My friend Russ predicted this. He told me on the night of the season opener that the Angels were a favorite (or potential) to have a shot at the World Series.
Of course I wanted to believe this because it would be fun to finally live in a place that had a professional team make it to the pinnacle of their sport.
Mostly because I've never been through that kind of experience before and I had developed a connection with the Angels since moving here in 1999.
My old office is located in a warehouse that sits right next to Angels Stadium off Orangewood Avenue. Since moving ten miles from Disneyland I have driven or walked by the home of the Angels every Monday through Friday and occasionally on Saturdays.
For lunch, or afternoon coffee break, I would walk across the stadium parking lot to a small food court off Katella.
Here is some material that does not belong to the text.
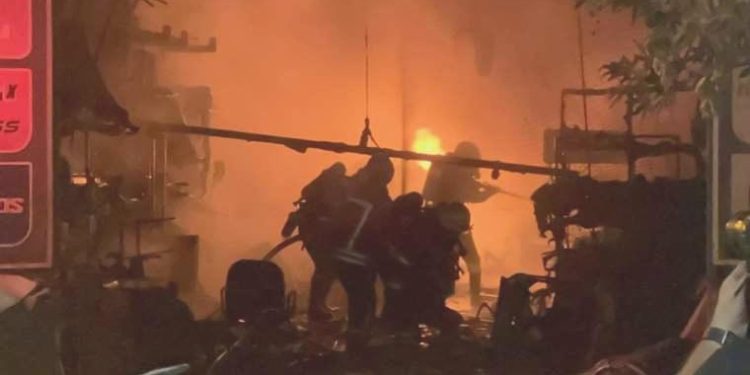 Sanayi sitesinde korkutan yangın: 7 kişi hastaneye kaldırıldı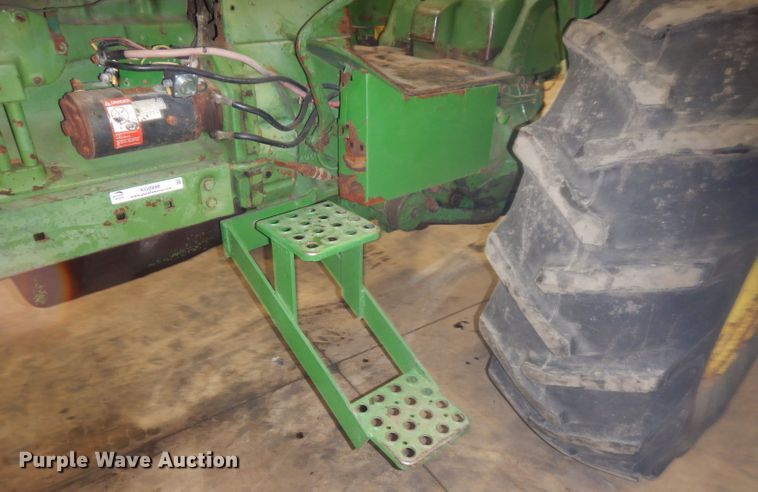 image for item KG9996 1967 John Deere 4020  tractor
Each time trying to admire something different about the huge building the large number of high powered lamps, the round bar that sits outside the stadium, between third base and home pate on the mezzanine level, and the copper home plate that is set into the concrete in front of the main entrance.
I was even there on the morning when the new team logo and uniforms were unveiled to the public as the Disneyland marching band played on.
Getting tickets to attend any of the Fall Classic games was a joke. At $900 per ticket for nose-bleed seats I thought it was a bit too much, even for a World Series. Besides I had a pretty good view of the games armed with Tivo and the Grundig worldband radio tuned to the right AM station.
But that's ok because I live close enough to Angel's stadium that I could clearly hear the loud roar and thunder of the fireworks being launched from the ballpark in celebration of the Angel's new title as World Champions. For a guy who grew up landlocked in the middle of Alaska, that was just as cool, all in itself.